* _PROBLEM REQUIREMENTS_
Give back each entry verbatim.

Recorded data:
****

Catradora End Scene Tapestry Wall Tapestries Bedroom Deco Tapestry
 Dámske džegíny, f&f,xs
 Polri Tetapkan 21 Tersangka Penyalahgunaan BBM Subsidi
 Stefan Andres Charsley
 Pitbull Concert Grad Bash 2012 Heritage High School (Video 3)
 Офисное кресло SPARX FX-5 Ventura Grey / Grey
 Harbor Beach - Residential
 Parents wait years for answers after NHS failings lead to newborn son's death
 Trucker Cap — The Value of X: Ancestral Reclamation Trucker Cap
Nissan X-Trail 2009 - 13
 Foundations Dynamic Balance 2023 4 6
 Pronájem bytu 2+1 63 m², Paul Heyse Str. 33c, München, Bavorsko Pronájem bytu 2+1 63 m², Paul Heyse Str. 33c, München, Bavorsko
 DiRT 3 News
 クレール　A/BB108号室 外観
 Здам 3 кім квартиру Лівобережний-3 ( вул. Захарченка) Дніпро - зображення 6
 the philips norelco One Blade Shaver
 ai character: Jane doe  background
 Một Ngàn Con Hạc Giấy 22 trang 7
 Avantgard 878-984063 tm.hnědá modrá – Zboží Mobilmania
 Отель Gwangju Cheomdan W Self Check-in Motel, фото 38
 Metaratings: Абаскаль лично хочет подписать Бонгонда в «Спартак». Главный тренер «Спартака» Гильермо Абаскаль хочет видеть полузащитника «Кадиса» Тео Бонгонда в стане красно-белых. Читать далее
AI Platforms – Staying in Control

****

* _ANSWER TO THE PROBLEM_
Catradora End Scene Tapestry Wall Tapestries Bedroom Deco Tapestry
 Dámske džegíny, f&f,xs
 Polri Tetapkan 21 Tersangka Penyalahgunaan BBM Subsidi
 Stefan Andres Charsley
 Pitbull Concert Grad Bash 2012 Heritage High School (Video 3)
 Офисное кресло SPARX FX-5 Ventura Grey / Grey
 Harbor Beach - Residential
 Parents wait years for answers after NHS failings lead to newborn son's death
 Trucker Cap — The Value of X: Ancestral Reclamation Trucker Cap
Nissan X-Trail 2009 - 13
 Foundations Dynamic Balance 2023 4 6
 Pronájem bytu 2+1 63 m², Paul Heyse Str. 33c, München, Bavorsko Pronájem bytu 2+1 63 m², Paul Heyse Str. 33c, München, Bavorsko
 DiRT 3 News
 クレール　A/BB108号室 外観
 Здам 3 кім квартиру Лівобережний-3 ( вул. Захарченка) Дніпро - зображення 6
 the philips norelco One Blade Shaver
 ai character: Jane doe  background
 Một Ngàn Con Hạc Giấy 22 trang 7
 Avantgard 878-984063 tm.hnědá modrá – Zboží Mobilmania
 Отель Gwangju Cheomdan W Self Check-in Motel, фото 38
 Metaratings: Абаскаль лично хочет подписать Бонгонда в «Спартак». Главный тренер «Спартака» Гильермо Абаскаль хочет видеть полузащитника «Кадиса» Тео Бонгонда в стане красно-белых. Читать далее
AI Platforms – Staying in Control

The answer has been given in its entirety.